Seit heute ist sie zu haben, die Musik zur Show, die Platte zur Superstar-Suche, das Seifenblasen-Surrogat aus dem Bohlenschen Laboratorium: "United". DAS Album. Kunden des größten Online-Kaufhauses Amazon.de urteilten schon mal über das Machwerk - die Einschätzungen reichen von "Absoluter Schrott - Finger weg!" über "ganz, ganz arm..." bis hin zur gewogensten: "ein stinknormales Popalbum." Beim Amazon.de-Verkaufsrang steht "United" trotzdem auf Platz eins. Ganz oben wird es auch stehen, wenn am nächsten Montag die neuen, deutschen LP-Charts veröffentlicht werden, denn Deutschland ist nicht mehr zu retten.

12,93 Millionen Zuschauern waren am Samstag dabei, als in einem fast fünfstündigen, durch die 80er-Show unterbrochenen Nonsens-Marathon Vanessa rausgewählt wurde. Das ist eine Quote von 40,3 Prozent, Rekord - natürlich. Das Vanessa fliegen würde, war schon vorher klar. Dafür hatte die Bild-Zeitung gesorgt: "61,5 Prozent der Bild-Leser sind sich sicher: Wackel-Vanessa singt sich heute raus!". Auch T-Online-Nutzer stimmten ab, knapp 60 Prozent sollen auf Vanessas Ausscheiden getippt haben. Jetzt noch verblieben: die blonde Juliette, der Michael Schumacher-Klon Alexander und Daniel Küblböck, den der Spiegel als "tuntig-tangiger Hach-Gottchen-Pfadfinder auf Ecstasy mit typischen Typen-Sätzen wie: I bin halt der, der wo's net nach dem macht, was die anderen sagen" beschreibt. Au Backe.
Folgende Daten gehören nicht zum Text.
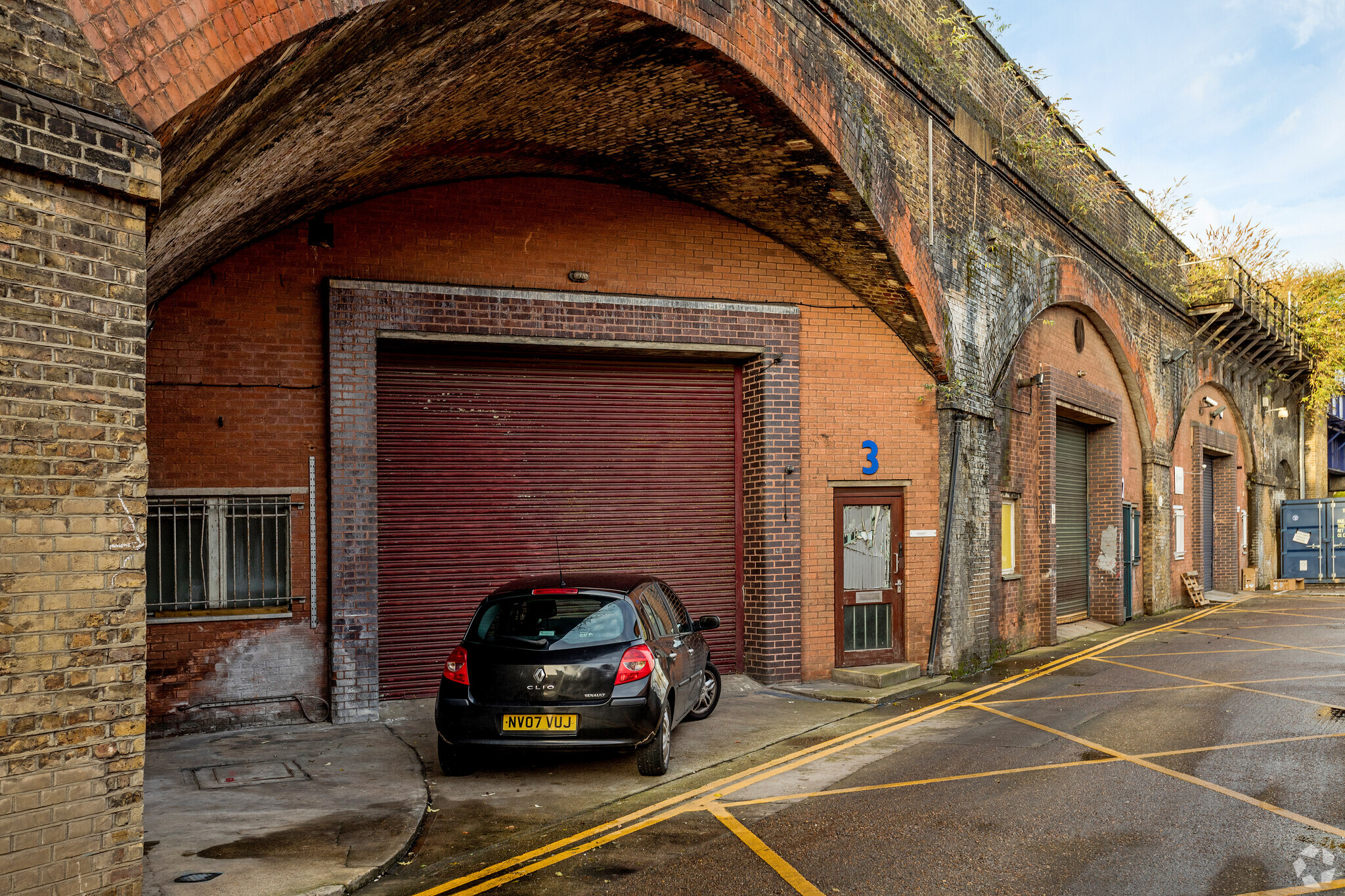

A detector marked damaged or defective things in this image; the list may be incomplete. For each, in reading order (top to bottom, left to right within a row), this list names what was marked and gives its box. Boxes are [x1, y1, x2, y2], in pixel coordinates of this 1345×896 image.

Seit Big Brother war die Fernsehnation nicht mehr so vereint. Alte und Junge, Akademiker und Arbeiter, Dumme und Schlaue sitzen vor der Glotze und verfolgen die Real-Life-Popstar-Soap. Die einen, weil sie mitleiden und -fiebern, weil sie Fans sind und auf das Durchkommen ihrer Lieblinge hoffen, wie Vati auf den Sieg seiner Mannschaft in der Champions League. Die anderen, weil sie mit einer Mischung aus Schaulust und Ekel einem einzigartigen Menschenversuch beiwohnen wollen, der ihre schlimmsten Vorurteile und Befürchtungen bestätigt. "Deutschland sucht den Superstar" und besteht aus einer riesigen, bunten Blase Nichts. Das ist Opium für alle. RTL kann seine veritable neue Geldmaschine noch hundertmal als "Die Musiksensation des Jahres" ankündigen, selbst die schlichtesten Schlichtlinge haben eines längst erkannt: Es geht hier um alles, nur nicht um Musik. Wie sonst ist es zu erklären, dass der vollkommen verhuschte Daniel noch immer dabei ist, wo er doch erwiesenermaßen weder singen noch tanzen kann? Wer kann ernsthaft wollen, dass dieses Stimmchen in den kommenden zwei Jahren in jede Ritze unseres Alltags plärrt? Eben, es ist egal. Es ist so egal, wie damals bei Zladko, der weder singen noch reden konnte, wie bei "Arschloch"-Christian, der weder singen noch denken konnte. Beide hatten Nummer-Eins-Hits, weil die Leute diese Typen liebten, nicht die Musik. Man muss schon ein ziemlich verblendeter Nichtsraffer sein, nimmt man an, es ginge hier um Können, Kunst oder Kreativität. Aber um was geht es dann?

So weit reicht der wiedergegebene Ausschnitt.